Requirement | Set down, word for word, every line of the material below from the one containing "Hello, this is" through the one containing "Hey YouTube, this", but none of its pictures.

Records provided |
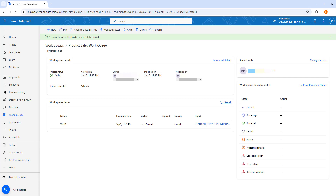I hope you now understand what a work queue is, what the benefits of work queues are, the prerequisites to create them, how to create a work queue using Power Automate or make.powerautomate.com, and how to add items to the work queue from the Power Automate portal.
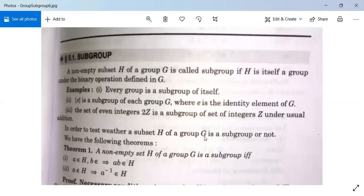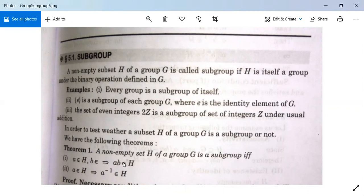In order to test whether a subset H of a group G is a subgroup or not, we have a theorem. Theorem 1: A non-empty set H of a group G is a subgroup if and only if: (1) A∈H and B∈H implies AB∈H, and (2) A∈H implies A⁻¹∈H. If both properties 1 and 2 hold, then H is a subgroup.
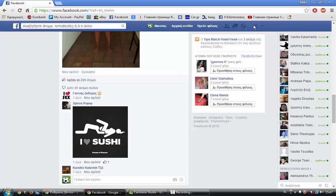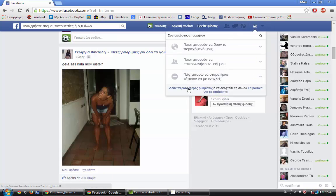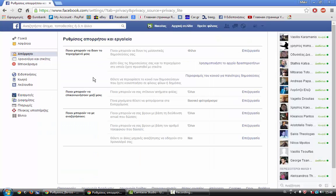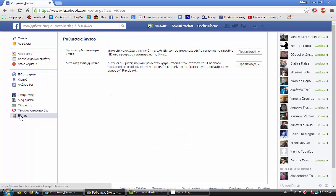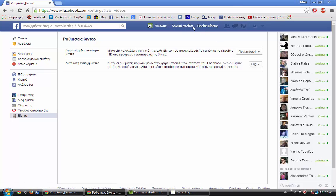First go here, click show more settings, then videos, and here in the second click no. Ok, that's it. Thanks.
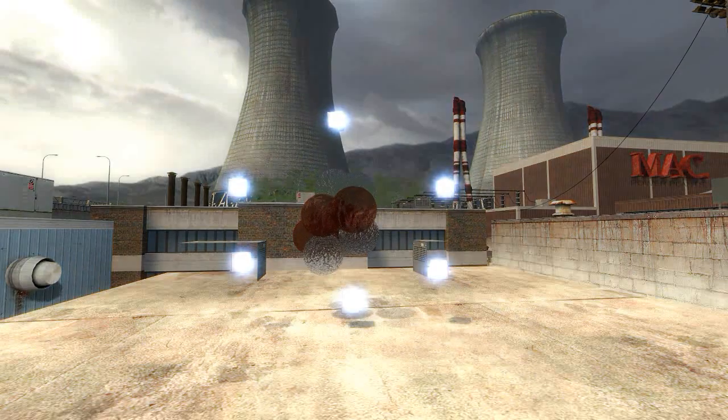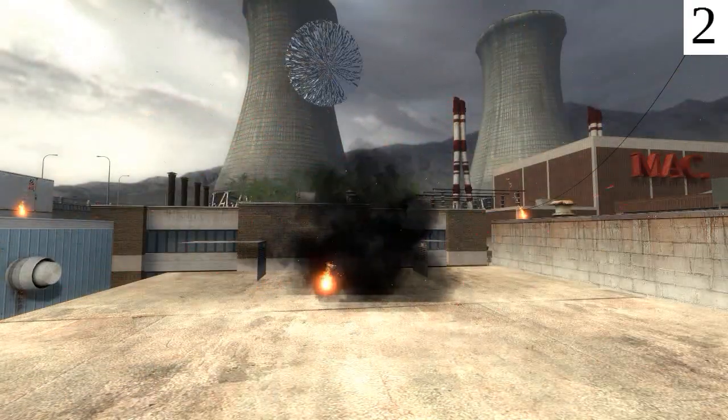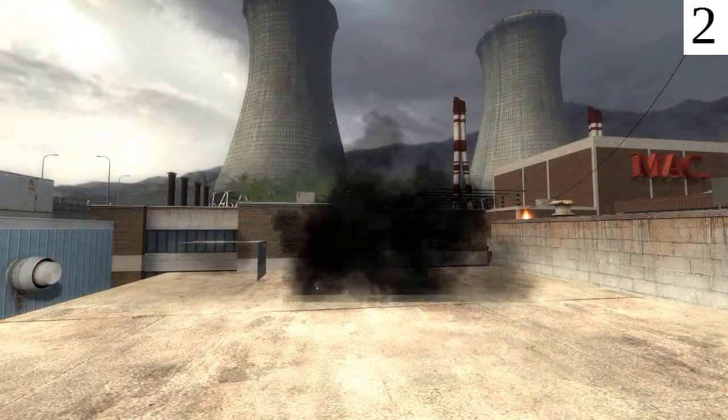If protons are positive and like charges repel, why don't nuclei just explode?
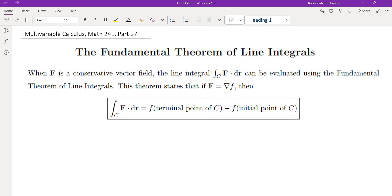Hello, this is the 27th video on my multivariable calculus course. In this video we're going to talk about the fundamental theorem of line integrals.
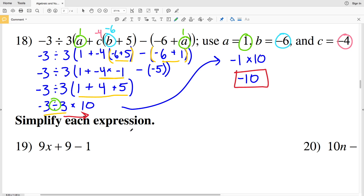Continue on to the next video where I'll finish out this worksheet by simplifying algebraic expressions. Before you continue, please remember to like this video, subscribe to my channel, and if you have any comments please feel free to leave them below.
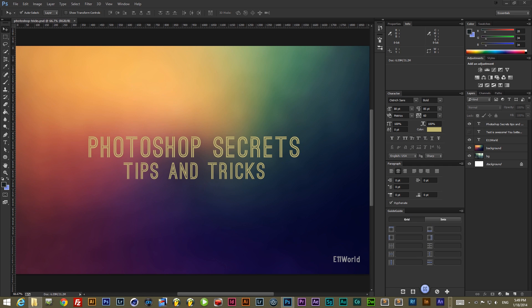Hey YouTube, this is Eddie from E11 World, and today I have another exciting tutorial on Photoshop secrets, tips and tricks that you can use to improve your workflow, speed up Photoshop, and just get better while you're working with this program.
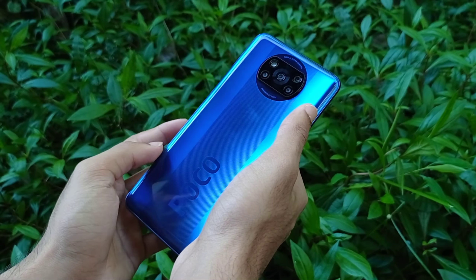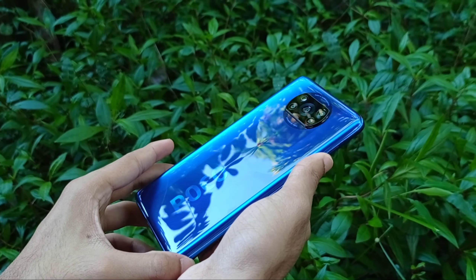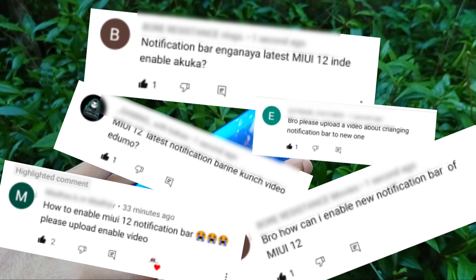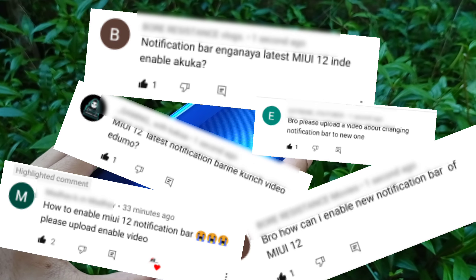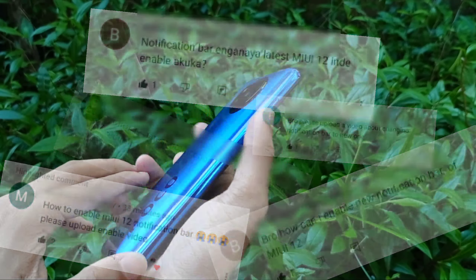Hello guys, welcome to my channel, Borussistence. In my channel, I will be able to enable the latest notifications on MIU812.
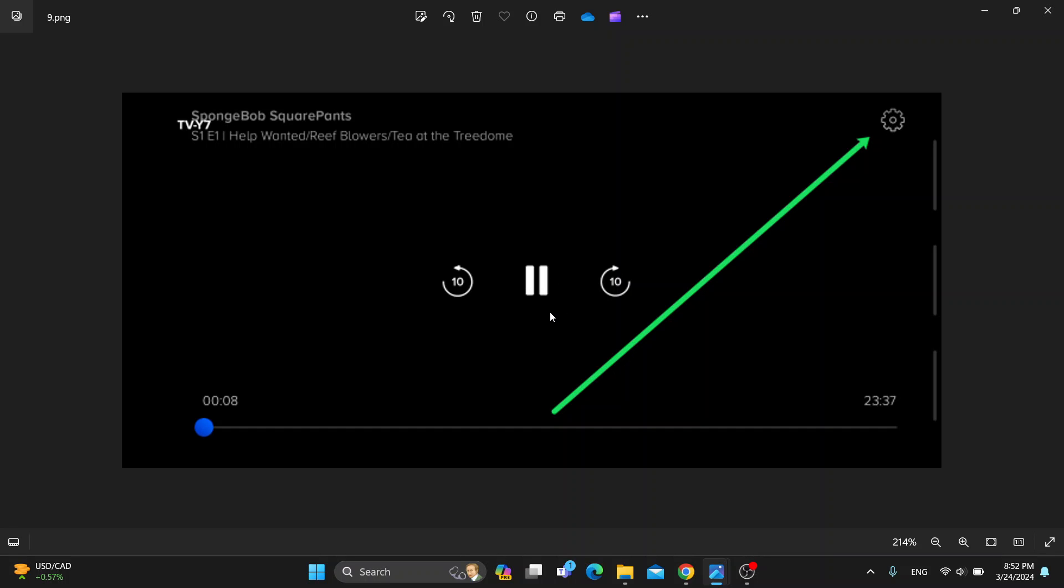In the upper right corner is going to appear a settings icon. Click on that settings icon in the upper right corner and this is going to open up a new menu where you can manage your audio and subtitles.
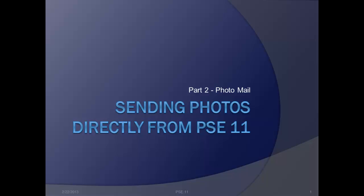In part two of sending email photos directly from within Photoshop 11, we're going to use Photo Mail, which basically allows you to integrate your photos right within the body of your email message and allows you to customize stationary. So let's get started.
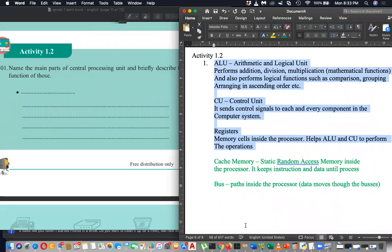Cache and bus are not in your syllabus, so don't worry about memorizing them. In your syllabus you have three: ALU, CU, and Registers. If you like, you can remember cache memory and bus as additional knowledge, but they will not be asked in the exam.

Your response |
Hello, this is the 27th video on my multivariable calculus course. In this video we're going to talk about the fundamental theorem of line integrals.
Continue on to the next video where I'll finish out this worksheet by simplifying algebraic expressions. Before you continue, please remember to like this video, subscribe to my channel, and if you have any comments please feel free to leave them below.
Hey YouTube, this is Eddie from E11 World, and today I have another exciting tutorial on Photoshop secrets, tips and tricks that you can use to improve your workflow, speed up Photoshop, and just get better while you're working with this program.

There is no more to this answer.